Extract an autonomous chunk of the dependency graph of a huge CPP project?


Consider Chromium codebase. It's huge, around 4gb of pure code, if I'm not mistaken. But however humongous it may be, it's still modular in its nature. And it implements a lot of interesting features in its internals.

What I mean is for example I'd like to extract websocket implementation out of the sources, but it's not easy to do by hand. Ok, if we go to https://github.com/chromium/chromium/tree/main/net/websockets we'll see lots of header files. To compile the code as a "library" we're gonna need them + their implementation in .cpp files . But the trick is that these header files include other header files in other directories of the chromium project. And those in their turn include others...

BUT if there are no circular dependencies we should be able to get to the root of this tree, where header files won't include anything (or will include already compiled libraries), which should mean that all the needed files for this dependency subtree are in place, so we can compile a chunk of the original codebase separate from the rest of it.

That's the idea. At least in theory.

Does anyone know how it could be done? I've found this repo and this repo, but they only show the dependency graph and do not have the functionality to extract a tree from it.

There should be a tool already, I suppose. It's just hard to word it out to google. Or perhaps I'm mistaken and this approach wouldn't really work?


Solution

  • Your compiler is almost surely capable of extracting this dependency information so that it can be used to help the build system figure out incremental builds. In gcc, for instance, we have the -MMD flag.

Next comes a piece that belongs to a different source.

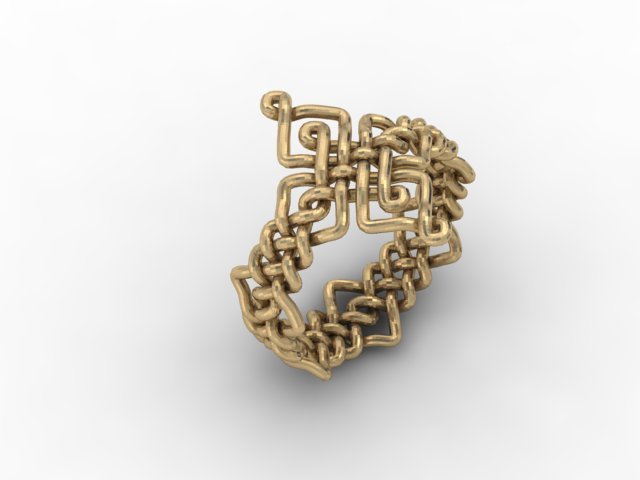 Jewellery ring Free 3D Model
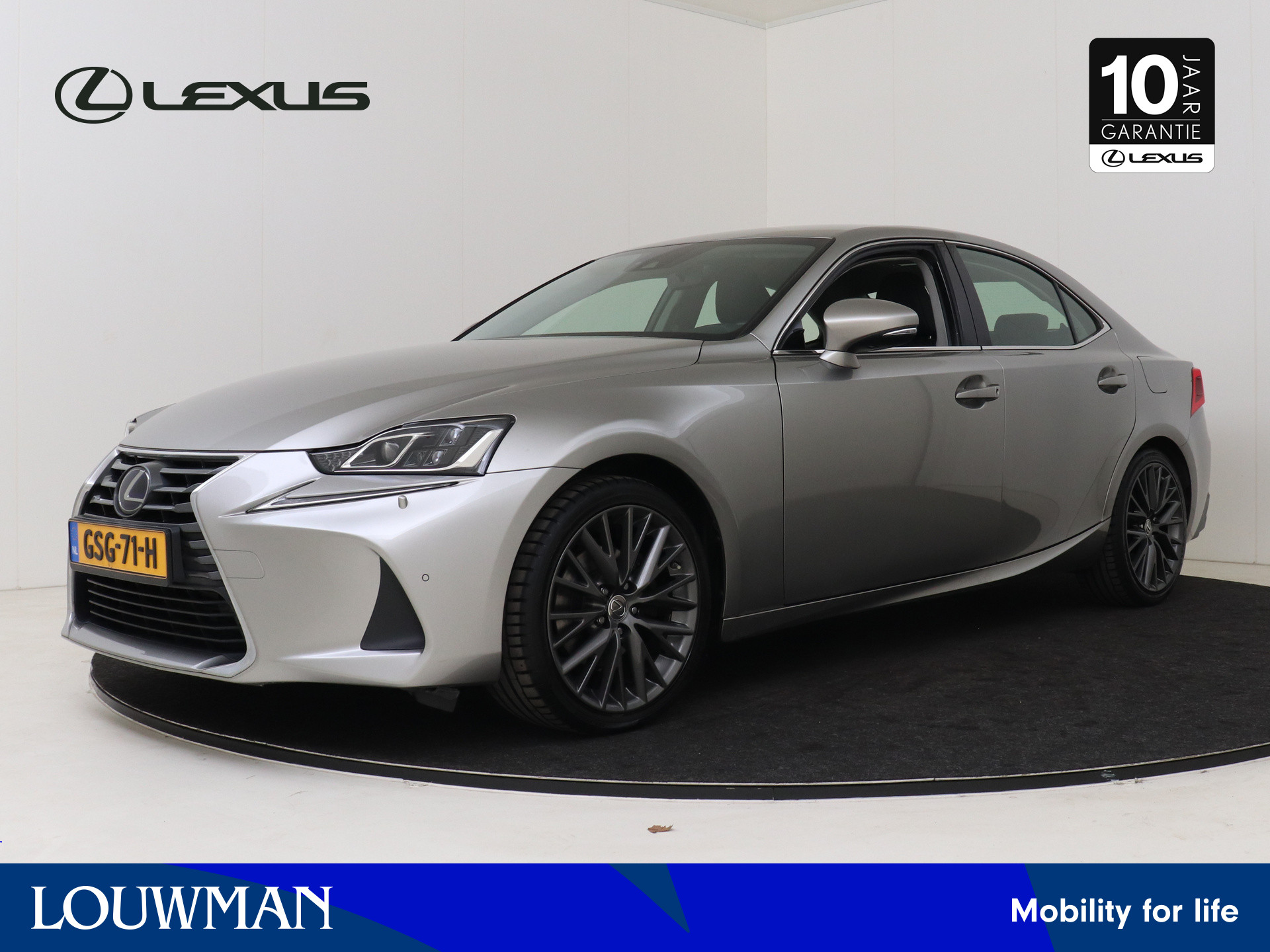 Lexus IS 300h Hybrid Luxury Line Limited | Mark Levinson | Safety System | Stoel & Stuurverwarming | Quad LED |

    Suppose we have four compilation units, ball.cpp, football.cpp, basketball.cpp, and hockey.cpp. Each source file includes a header file of the same name. Also, football.hpp and basketball.hpp each include ball.hpp.

    If we run

    g++ -MMD   -c -o football.o football.cpp
    g++ -MMD   -c -o basketball.o basketball.cpp
    g++ -MMD   -c -o hockey.o hockey.cpp
    g++ -MMD   -c -o ball.o ball.cpp
    

    then this will produce, in addition to the object files, some files with names like basketball.d that contain dependency information like

    basketball.o: basketball.cpp basketball.h ball.h
    

    It's simple enough to read these into, say, a python script, and then just take the union of all the dependencies of the files you want to include.


    EDIT: In fact, python may even be overkill. In the situation above, if you wanted to get all dependencies for anything containing the word "ball," you could do something like

    $ cat *.d | awk -F: '$1 ~ "ball" { print $2 }' | xargs -n 1 echo | sort | uniq
    

    which will output

    ball.cpp
    ball.h
    basketball.cpp
    basketball.h
    football.cpp
    football.h
    

    If you're not used to reading UNIX pipelines, this:

    • Concatenates all the *.d files in the current directory;
    • Goes through them line-by-line, splitting each line into fields delimited by : characters;
    • Prints out the second field (i.e. the list of dependencies) for any line where the first field (i.e. the target) matches the regex "ball";
    • Splits the results into individual lines;
    • Sorts the resulting lines; and
    • Throws out any duplicates.

    You can see that this produced a list of everything the ball-related files depend on, but skipped hockey.cpp and hockey.hpp which aren't dependencies of any file with "ball" in its name. (Of course in your case you might use "websockets" instead of "ball," and if there is some directory structure instead of everything being in the root directory you may have to do a bit to compensate for that.)